For those of you who are fans of the TV series “The Simpsons,” you will know that one of the characters, Helen Lovejoy, wife of Reverend Lovejoy, is often heard to bemoan the phrase “Please, Think of the Children.” In an animated comedy TV show, geared for older children and adults, we may laugh at the situations in which such a comment is professed. However, for those parents whose children are in the middle in the adult family law conflict, they regularly find themselves at their wit’s end, asking anyone who will listen, “Who will think of my children?” In such cases, it is no laughing matter.
As a family law lawyer, my clients will ask me “at what age” will the court listen to what their children have to say. This can be in regards to who they want to (and don’t want) live with, who they want to (and do not want to) have access to, and any conditions to both of these issues. As I tell them, there is no magic age – not 8, 10, or 12 – which they find quite disappointing. Instead, the facts of the case will dictate whether there is a need for a child’s wishes, preferences, or voice to included. In this blog, I will set out the circumstances in which the child can be heard, how to get that process started, and offer some thoughts on what not to do.
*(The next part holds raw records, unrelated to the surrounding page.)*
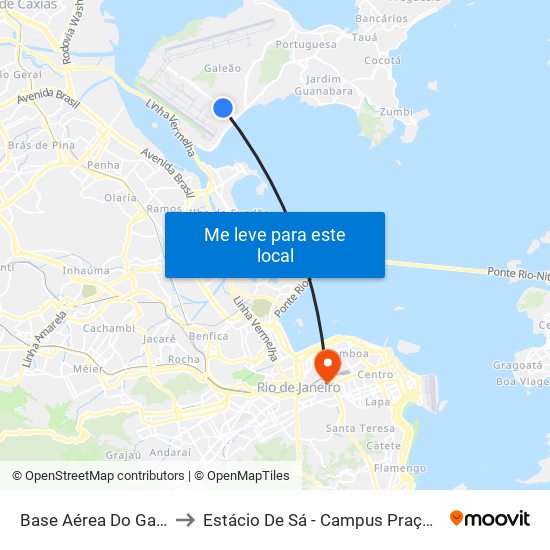 Base Aérea Do Galeão to Estácio De Sá - Campus Praça Onze map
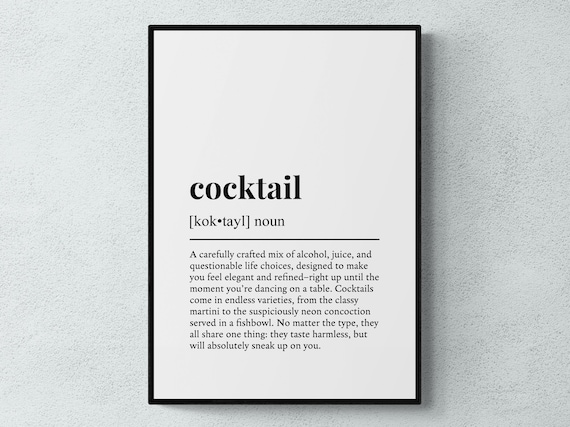 Cocktail Funny Definition Humorous Dictionary Style Bar Cart Poster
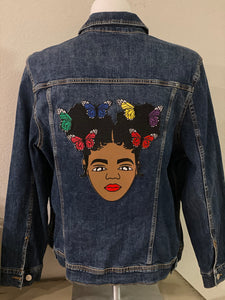 (New) Lady Butterfly - Custom  “Reworked”  Denim Jacket Plus Size 2X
The first and most common way to get the children’s wishes and preferences brought to the court’s attention are through the Office of the Children’s Lawyer (often referred to as “the OCL”). This is a government agency which has the option of hiring a social worker, a lawyer, or both to represent the children in court, so they do not have to go to court. I will touch upon this last emphasized point a little later. Either party is free to bring a motion to ask for the judge to order the involvement of the OCL. If so requested, both parties must complete a rather lengthy intake form and submit it to the OCL within seven days. Sadly, some parties will conveniently forget to complete the form, either to delay the OCL’s involvement, the case itself, or both. If they agree to get involved, an OCL representative will respond accordingly. There is no fee for the parties to file the form or pay for the service if the OCL decides to get involved. As mentioned, they may order a specialized child-focused family law lawyer to represent the children, and perhaps appoint a social worker to assist the lawyer. If a social worker does get involved, they will produce a written report called a “section 112 report,” referencing section 112 of the Courts of Justice Act of Ontario, which gives the court the authority to order such a report.
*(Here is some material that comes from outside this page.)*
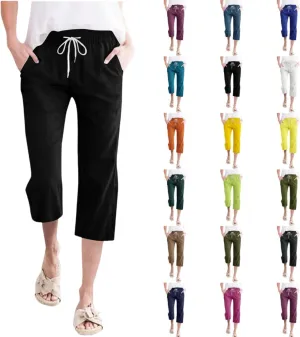 Womens Linen Capris Pants Summer Casual Drawstring Pants High Waisted Comfy Lightweight Loose Trousers with Pockets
However, under the current financial times we live in, clients need to be aware that the OCL is selective of which cases they will and will not get involved in. A judge cannot order the OCL to be involved – they can only recommend it. It is now a rarity in non-high conflict family law cases to have the OCL involved.
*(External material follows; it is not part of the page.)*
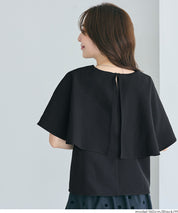 Elegant cape-style short-sleeved shirt for commuting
If the OCL turns the parties down, some may consider asking the court for an order for a section 30 assessment. This refers to section 30 of the Children’s Law Reforms Act (CLRA). These assessments are done by specialized social work professionals. They are sought when there may be concerns about the mental health or wellbeing of the parents, the child, or both, as it relates to their roles. The assessor would meet with the parties and the child/children, likely with other participants. After many meetings and clinical assessments, they would generate a written report for the parties and their lawyers, providing them with their professional conclusions. Unlike the OCL requests, these assessments present certain challenges.
a) very costly – anywhere from $5,000.00 to well into the tens of thousands,
b) time-consuming – they can take up to a year, or more, to prepare, and
c) are often contentious, as the recommendations presented to the parties are often polarizing.
You should discuss this option with your lawyer and get the pros and cons of getting one done before committing to it.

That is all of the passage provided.